Despite repeated demand by the U.S. commanders for at least three more combat brigades in Afghanistan to curb rising violence, Pentagon spokesman Geoff Morrell told reporters that the Iraq war remains priority of the current administration.

Even if President Bush makes decision to beef up troops in Afghanistan next year before he leaves the White House, "whether it is the three additional brigades that the commanders want I think is a question for the next administration," Morrell said.

Bush is set to meet with Defense Secretary Robert Gates and other military commanders later the day to review the wars in Iraq and Afghanistan.

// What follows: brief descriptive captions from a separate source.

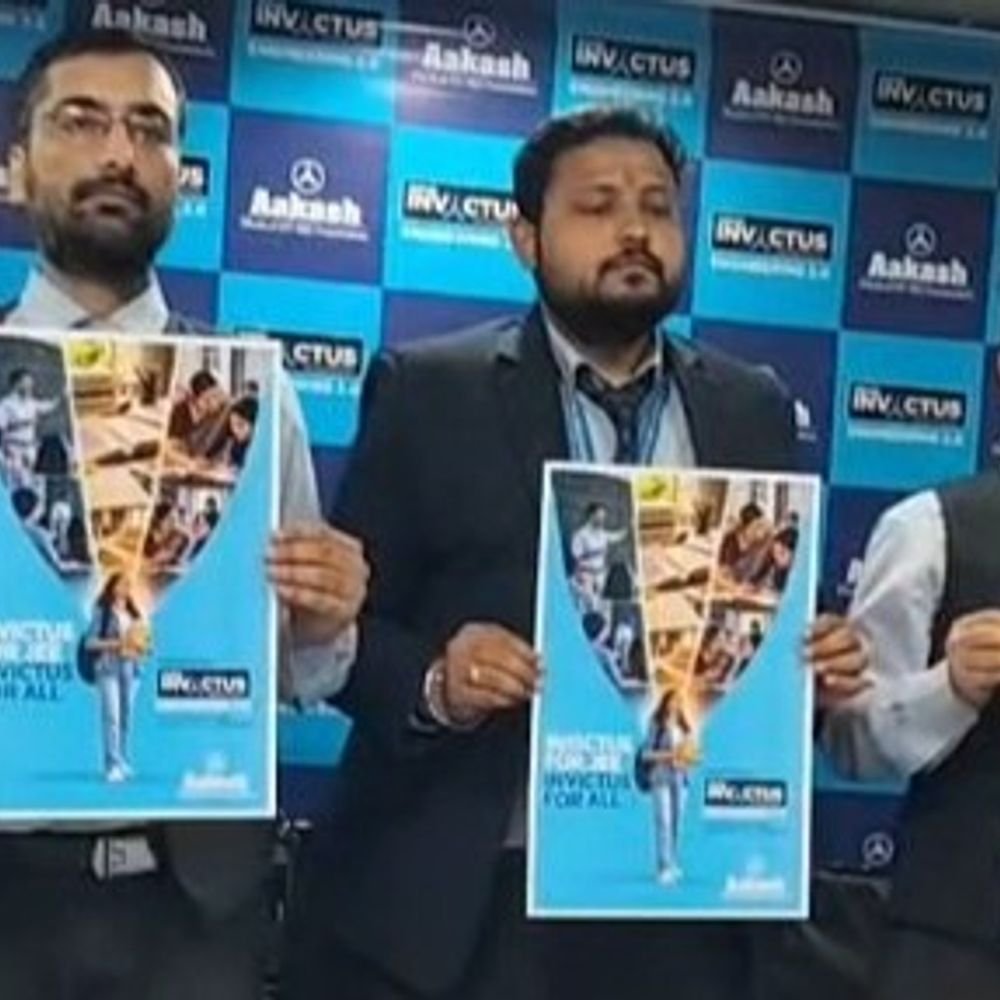 मेरठ में आकाश ने इनविक्टस इंजीनियरिंग 2.0 लॉन्च किया:जेईई मेन, एडवांस्ड और स्टेट सीईटी की तैयारी की जा सकेगी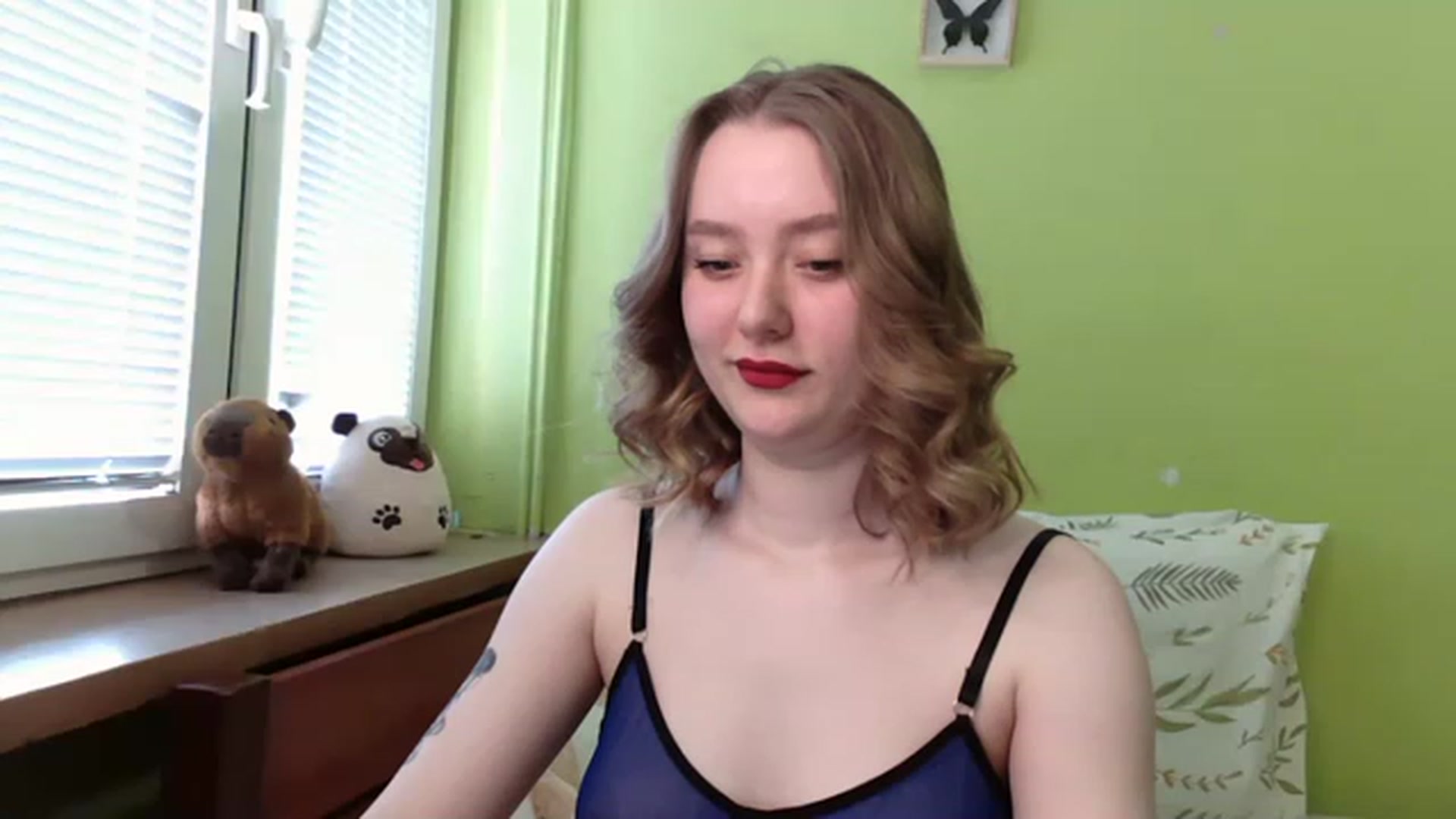 Gallery image thumbnail from A_Sophie's myfreecams stream on, 06/04/2023, 10:52 image 18 of 20
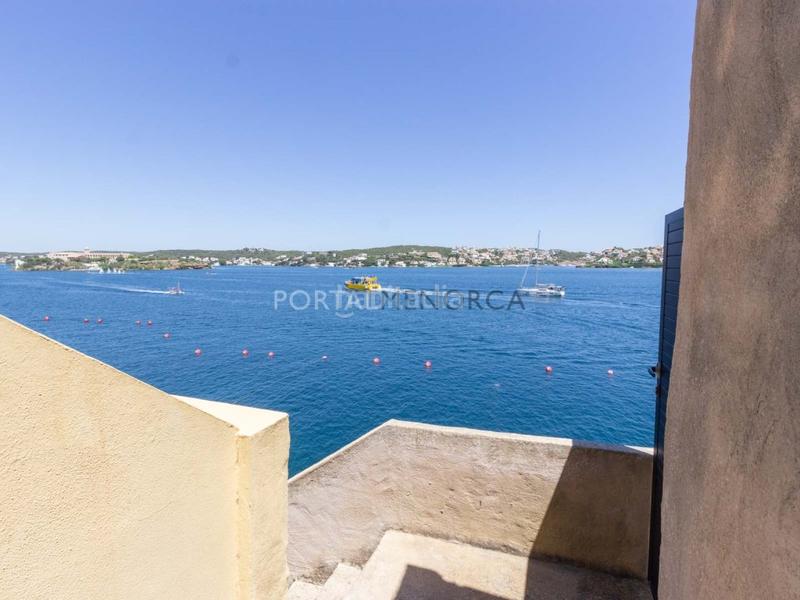 Foto 16fa6cfd-8480-430c-84a8-fc62f2592838. Piso  con vistas al puerto de mahón y acceso directo al mar en Es Castell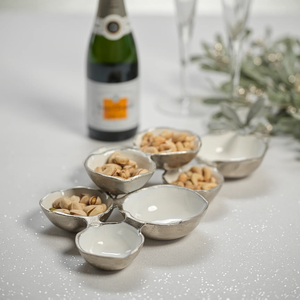 Plat de service unique avec compartiments, plat moderne en métal avec bols insérés, émail écologique, taille personnalisable, forme citron - Product Image 2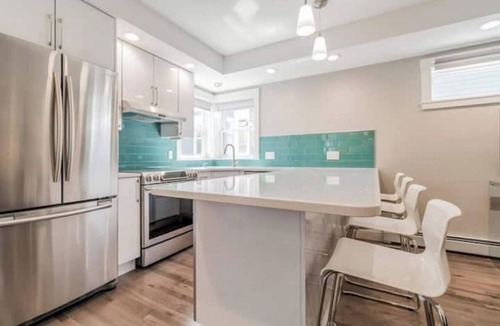 East End Condo | Walk to East End Beach/2BR King Beds/Pet Friendly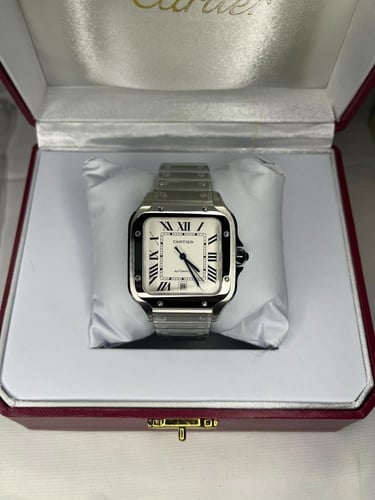 ساعة "سانتوس دو كارتييه" طبق الاصل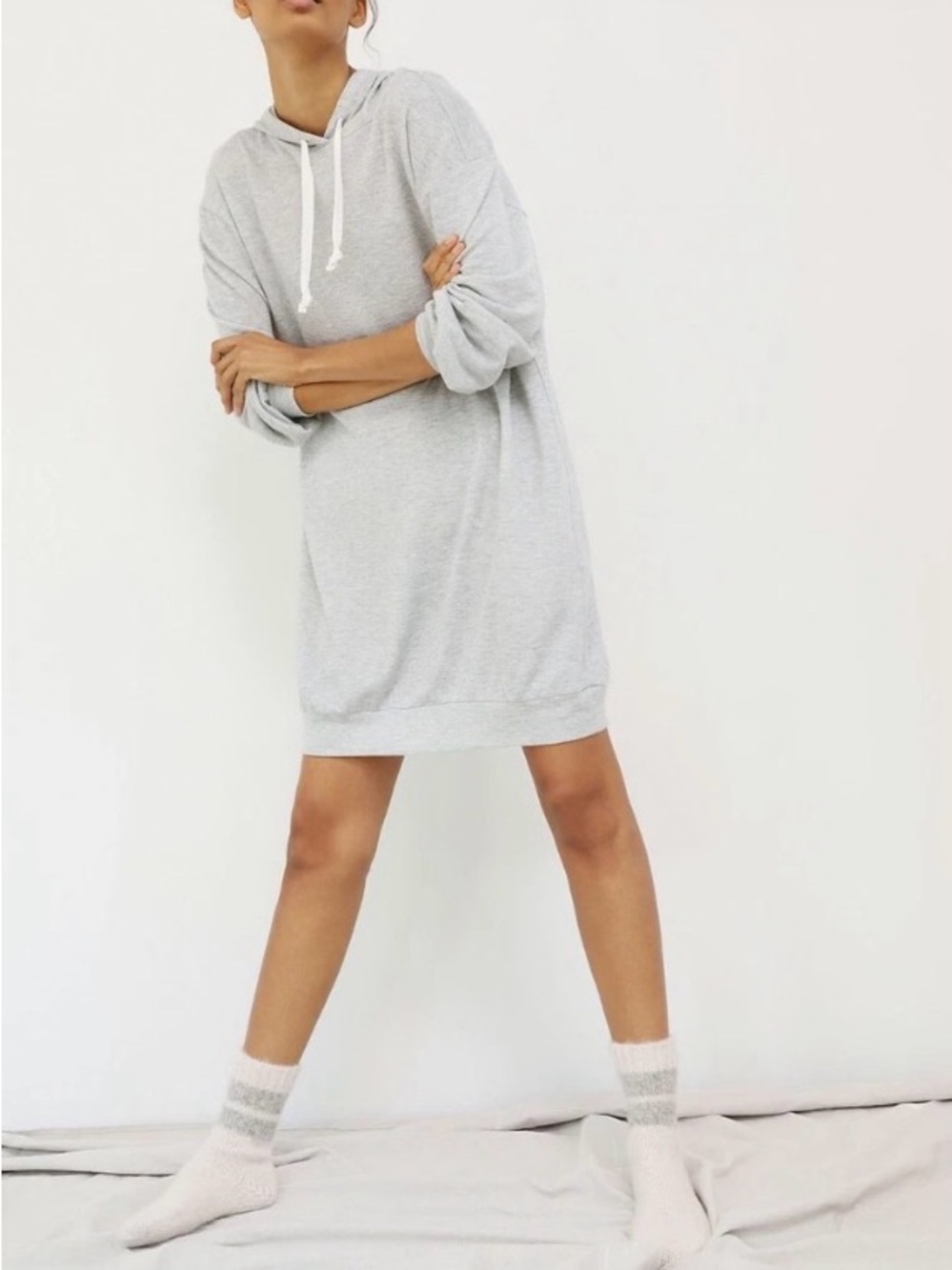 Anthropologie Saturday Sunday
Light Sweatshirt Dress size M/8-10 • EUC• Taupe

The spokesman said that the meeting would also address the urgency for more troops sent to Afghanistan in near future.

"Obviously we don't have the means to send three BCTs (brigade combat teams) to Afghanistan at this very moment, without making some very hard choices," he said of a more rapid reduction of the U.S. troops in Iraq or the mobilization of reserve troops.

Currently, there are about 37,000 U.S. troops in Afghanistan, about one-fifth of the total 148,000 troops in Iraq.

However, casualties of U.S. and NATO troops in Afghanistan has surpassed that of U.S. troops in Iraq in May, according to the military statistics.

Gates earlier said that the Pentagon was looking for ways to send additional forces to Afghanistan "sooner rather than later."

U.S. military's Joint Chiefs of Staff, Michael Mullen also warned after a visit to Afghanistan that the insurgency in the country have grown stronger with better training and increasingly sophisticated tactics.